Whenever the string "Adjustable" turns up in a line of the data below, copy that line.

◇ ◇ ◇ ◇ ◇ ◇ ◇

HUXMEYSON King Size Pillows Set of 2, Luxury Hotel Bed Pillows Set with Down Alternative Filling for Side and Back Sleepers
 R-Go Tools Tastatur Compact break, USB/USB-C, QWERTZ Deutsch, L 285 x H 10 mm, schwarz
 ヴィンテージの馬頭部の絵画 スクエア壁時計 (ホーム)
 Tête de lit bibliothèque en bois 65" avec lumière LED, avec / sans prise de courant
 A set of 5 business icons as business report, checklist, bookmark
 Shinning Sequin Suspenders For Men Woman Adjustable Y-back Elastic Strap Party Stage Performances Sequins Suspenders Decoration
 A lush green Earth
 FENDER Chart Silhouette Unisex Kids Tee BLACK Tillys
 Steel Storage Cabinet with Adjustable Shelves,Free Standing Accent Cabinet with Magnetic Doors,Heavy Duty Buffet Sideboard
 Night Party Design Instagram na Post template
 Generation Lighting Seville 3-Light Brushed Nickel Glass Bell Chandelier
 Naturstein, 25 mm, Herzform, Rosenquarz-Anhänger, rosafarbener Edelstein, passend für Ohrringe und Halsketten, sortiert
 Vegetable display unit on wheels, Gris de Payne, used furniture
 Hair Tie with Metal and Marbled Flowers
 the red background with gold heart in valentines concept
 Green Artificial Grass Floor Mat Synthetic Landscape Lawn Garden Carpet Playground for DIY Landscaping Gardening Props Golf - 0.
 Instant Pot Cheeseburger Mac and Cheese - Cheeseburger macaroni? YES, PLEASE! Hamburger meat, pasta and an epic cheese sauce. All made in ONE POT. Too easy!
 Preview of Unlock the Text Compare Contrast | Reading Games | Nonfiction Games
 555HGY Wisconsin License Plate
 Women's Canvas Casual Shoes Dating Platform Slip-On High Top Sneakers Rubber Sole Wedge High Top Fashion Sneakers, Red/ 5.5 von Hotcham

◇ ◇ ◇ ◇ ◇ ◇ ◇

Problem solution:
 Shinning Sequin Suspenders For Men Woman Adjustable Y-back Elastic Strap Party Stage Performances Sequins Suspenders Decoration
 Steel Storage Cabinet with Adjustable Shelves,Free Standing Accent Cabinet with Magnetic Doors,Heavy Duty Buffet Sideboard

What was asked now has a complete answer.